What to produce -
Once the line with "christiandiscipleshop Madonna and" is found, write it out along with every line after it, exactly, up to the last line of the entries below. Exclude pictures.

Brief descriptive captions -
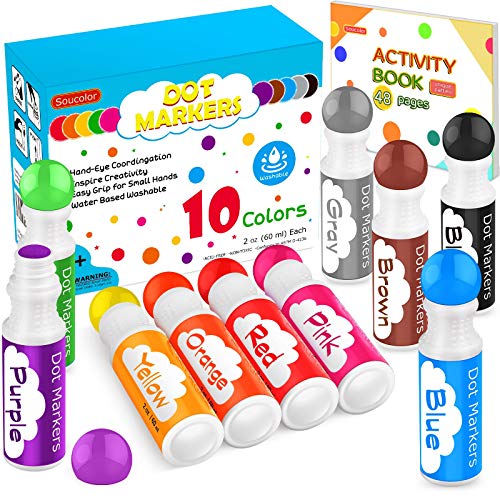 Soucolor Washable Dot Markers,10 Vibrant Colors 48 Pages Activity Book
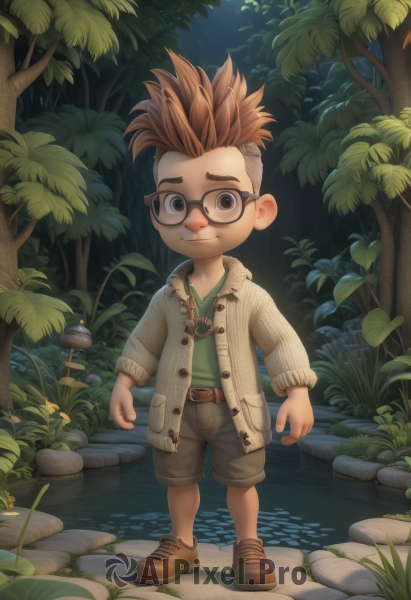 solo,looking at viewer,smile,brown hair,shirt,long sleeves,1boy,brown eyes,jewelry,closed mouth,standing,jacket,full body,male focus,multicolored hair,outdoors,open clothes,shoes,glasses,shorts,belt,necklace,tree,night,buttons,brown footwear,cardigan,grass,plant,spiked hair,child,nature,forest,black-framed eyewear,rock,green shirt,male child,mushroom,brown shorts,blue eyes,artist name,water,open jacket,sneakers,lantern,mohawk,moss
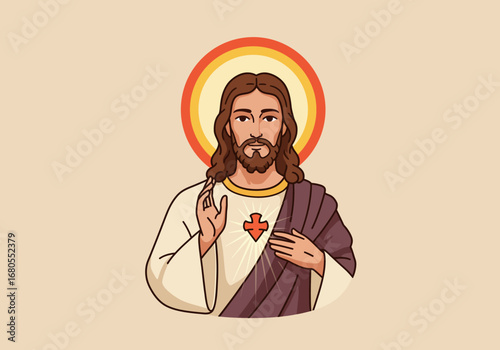An illustration of Jesus with a red and yellow halo hand raised wearing a tunic and robe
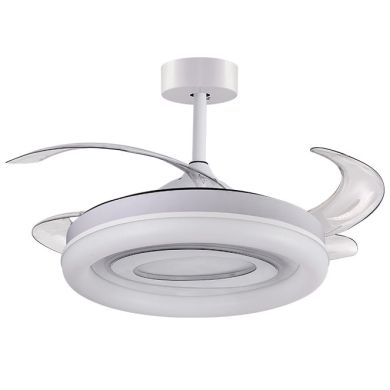 Ventoinha de tecto TEBE branca, 4 palas retráteis, 130W LED 3000|4000|6000K, Alt.35xD.108/50cm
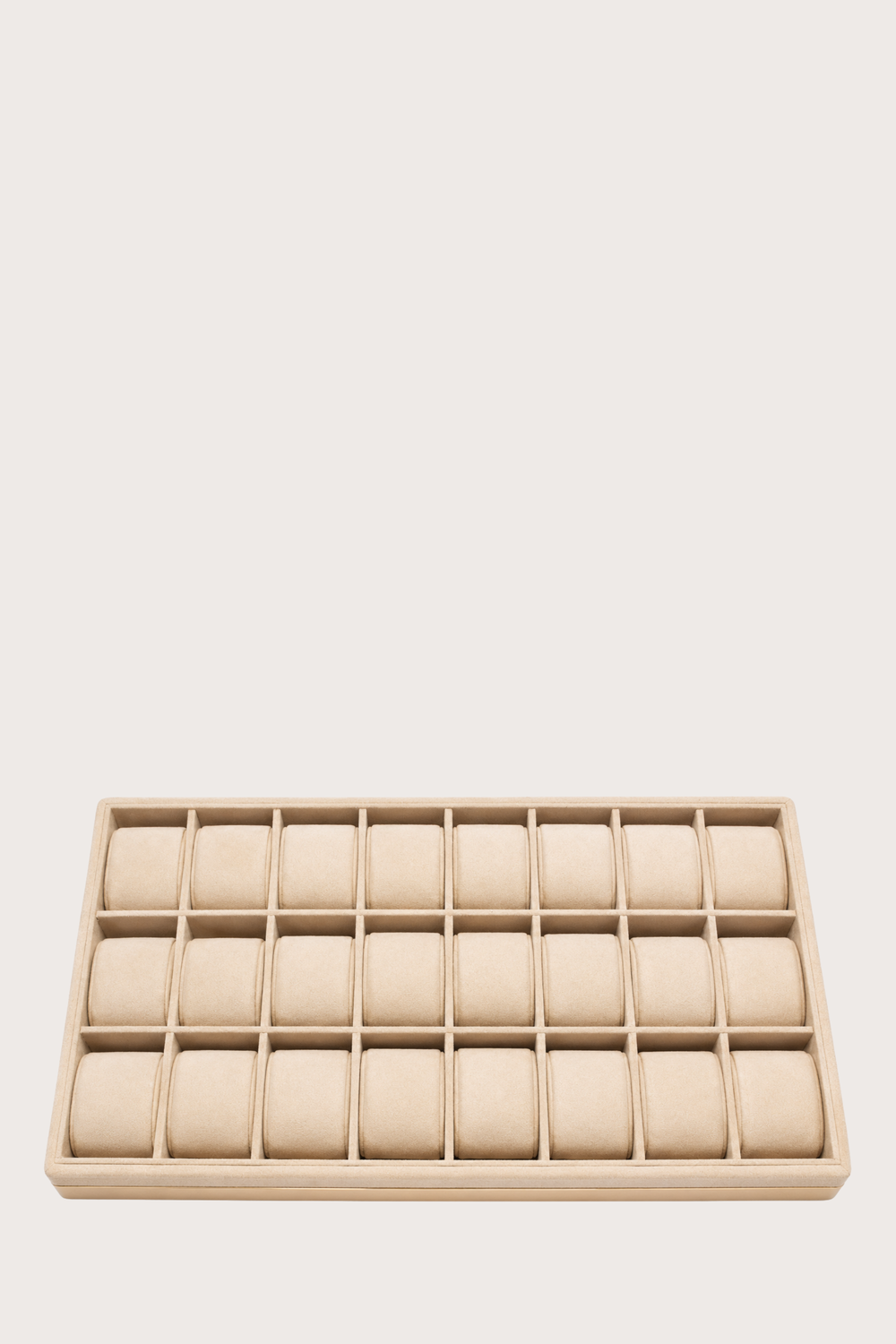 Elite Velvet Guardian – 24 Slot Beige Watch Tray Box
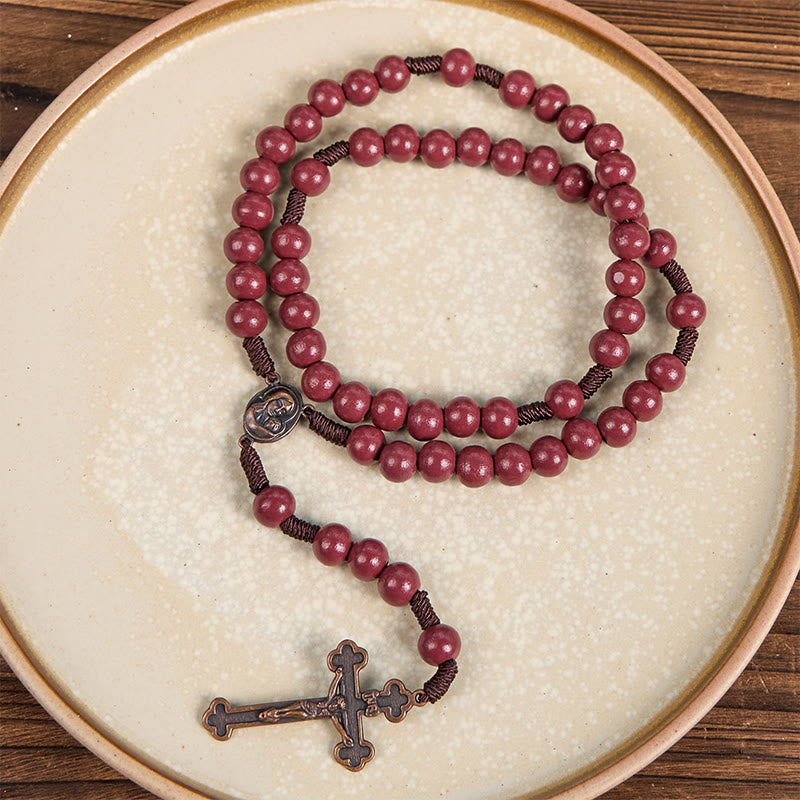 christiandiscipleshop Madonna and Child & Crucifix of 10mm Round Red Wood Nylon Cord Rosary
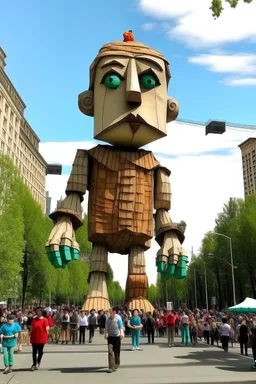 dessine un défilé de maritonnettes géantes, sur un très large boulard 'une ville. Des grues gérantes soutiennet les marionnettes géants et des techniciens au sol maniplues des cable pour controler la marionnette géante. Des personne de tous age rearde, de chaque coté, le défilé, avec joie et sourire et ave les mains dans les airs.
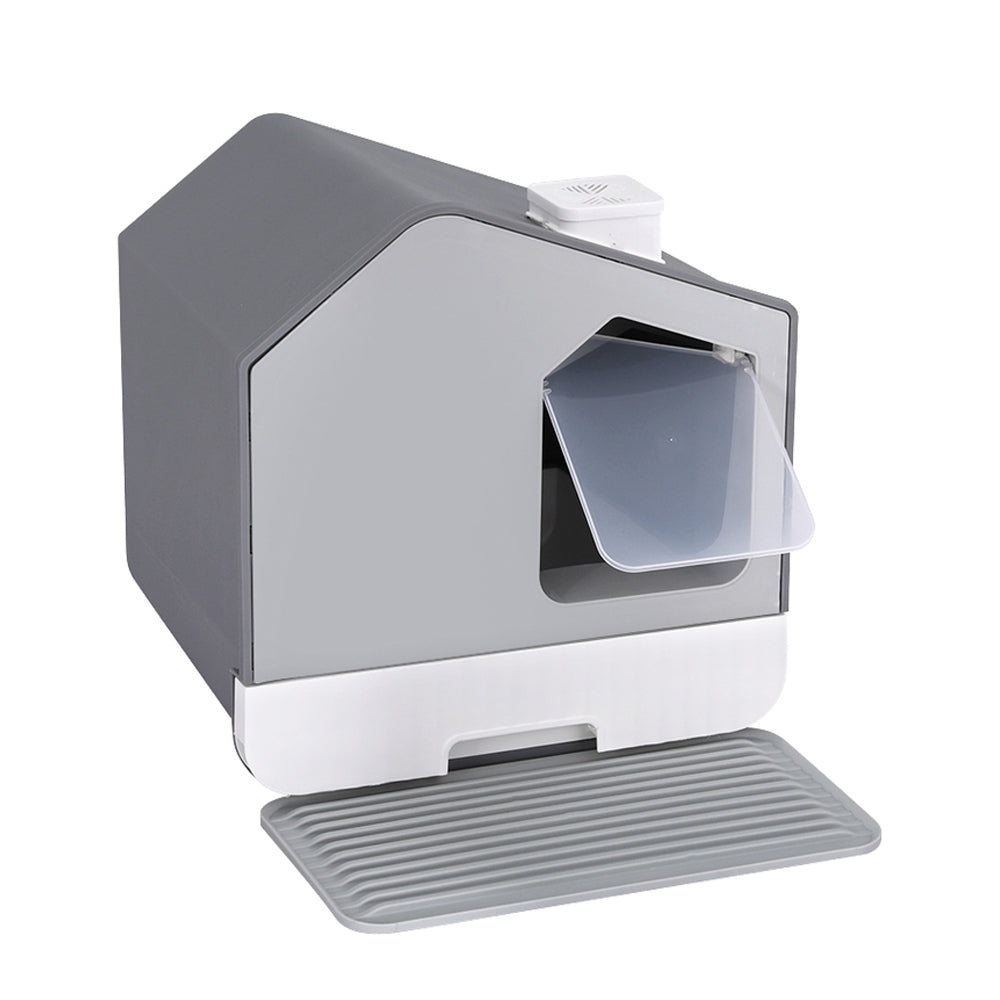 i.Pet Large Enclosed Cat Litter Box Grey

Written solution -
 christiandiscipleshop Madonna and Child & Crucifix of 10mm Round Red Wood Nylon Cord Rosary
 dessine un défilé de maritonnettes géantes, sur un très large boulard 'une ville. Des grues gérantes soutiennet les marionnettes géants et des techniciens au sol maniplues des cable pour controler la marionnette géante. Des personne de tous age rearde, de chaque coté, le défilé, avec joie et sourire et ave les mains dans les airs.
 i.Pet Large Enclosed Cat Litter Box Grey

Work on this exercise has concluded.